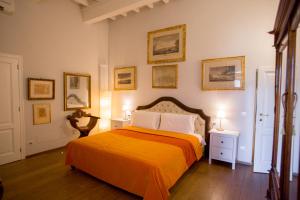a bedroom with a bed with an orange blanket at Borgo Pinti Suites Le Stanze dei Nobili in Florence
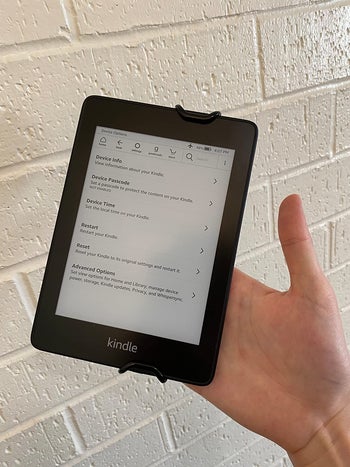 reviewer showing the front of the Kindle and how easy it is to hold a Kindle with the strap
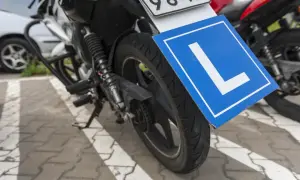 Motocykl z tabliczką "L" - symbol nauki jazdy, przygotowany do zdobycia prawa jazdy na motocykl.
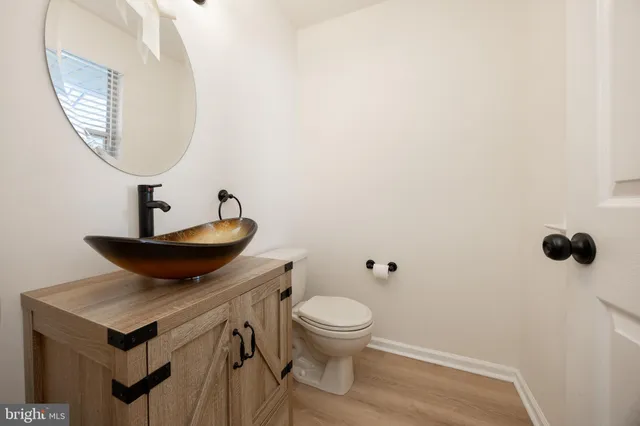 a bathroom with a toilet a sink and a mirror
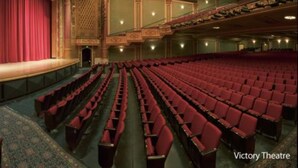 Un théâtre avec des sièges rouges, une scène et des éléments architecturaux richement décorés.
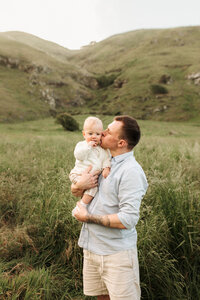Father and baby during a family photoshoot in Christchurch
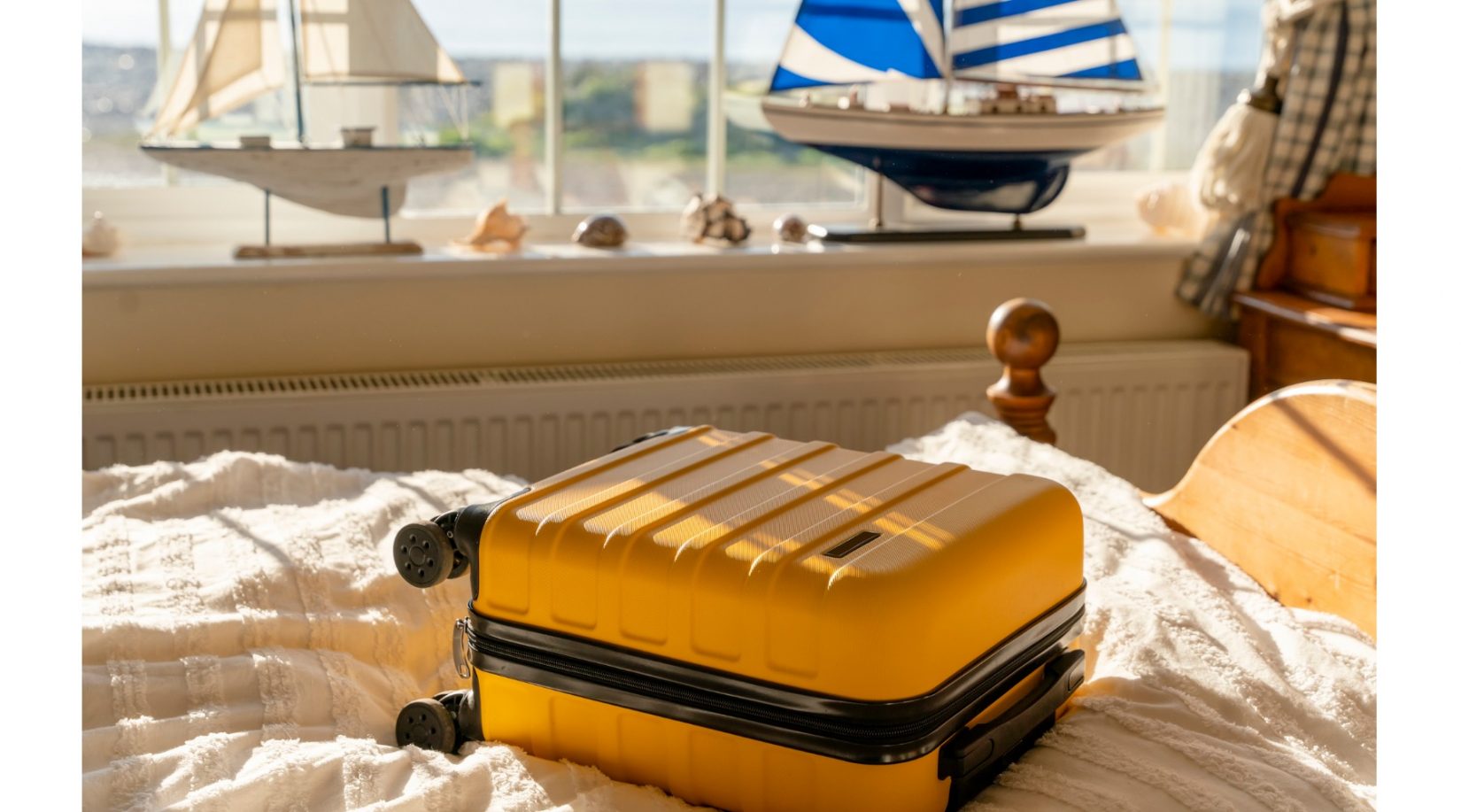 yellow suitcase on a bed
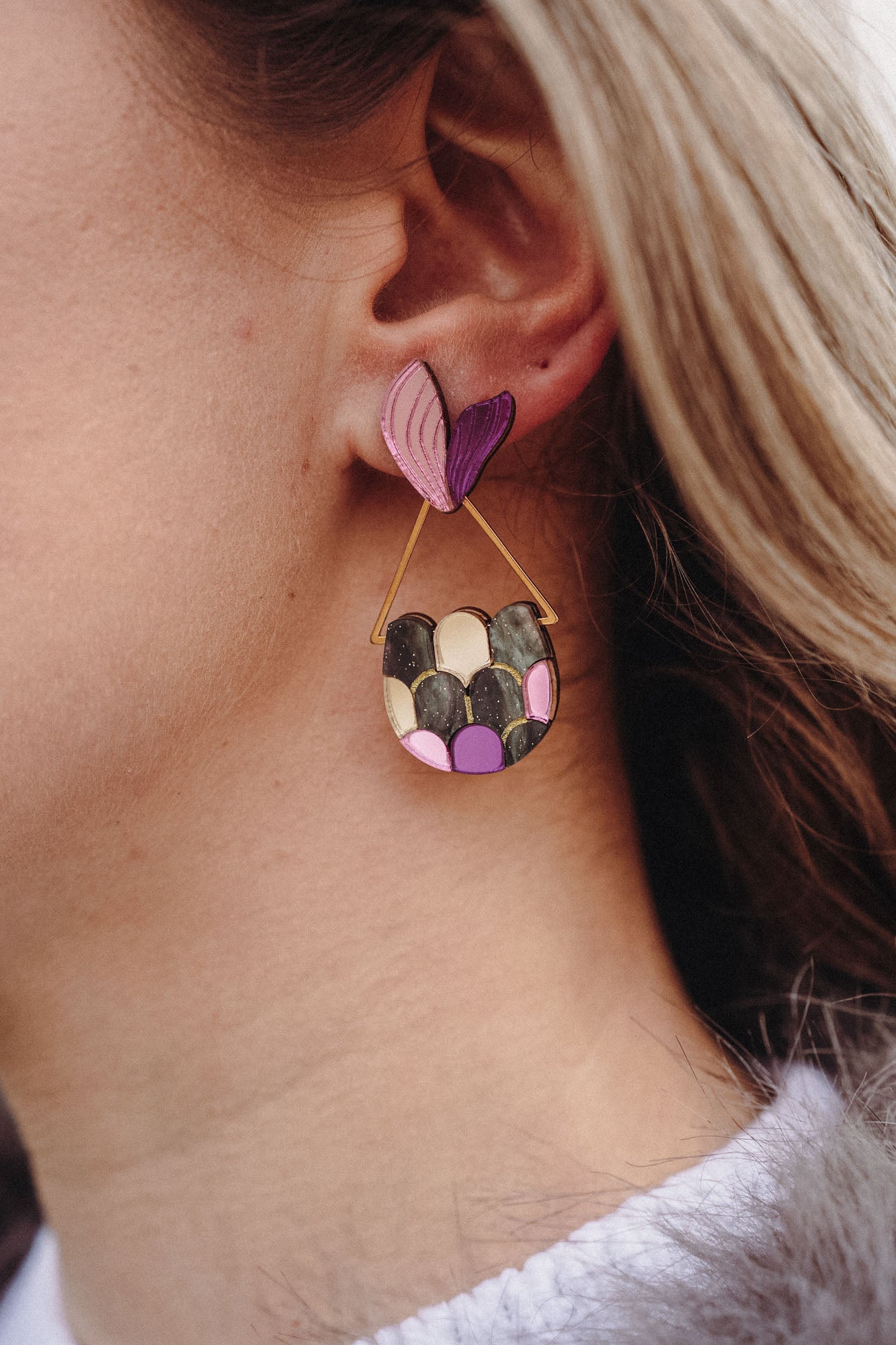 Close-up of a woman's ear wearing playful Mermaid Tail Earrings with a pink and purple heart-shaped stud and a semi-circular dangle in green, pink, and purple—a perfect accessory for mermaid lovers. The woman has blonde hair and wears a white top.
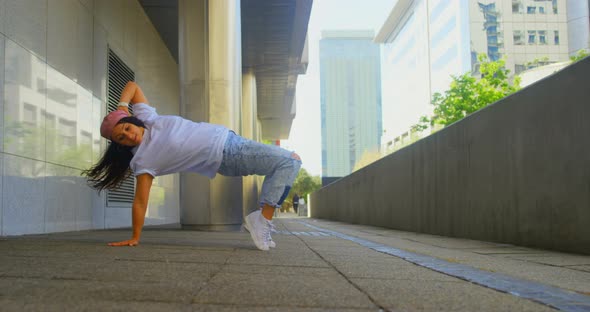 Young female dancer performing dance under bridge 4k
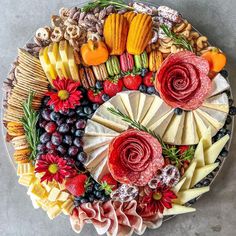 a platter filled with cheeses, fruits and flowers on top of a table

■ ■ ■ ■ ■ ■ ■

Exercise brief:
Give again the stretch of lines above from the one with "Motocykl z tabliczką" through the one with "yellow suitcase on a bed", both ends kept, and copy no pictures.

Response area:
 Motocykl z tabliczką "L" - symbol nauki jazdy, przygotowany do zdobycia prawa jazdy na motocykl.
 a bathroom with a toilet a sink and a mirror
 Un théâtre avec des sièges rouges, une scène et des éléments architecturaux richement décorés.
Father and baby during a family photoshoot in Christchurch
 yellow suitcase on a bed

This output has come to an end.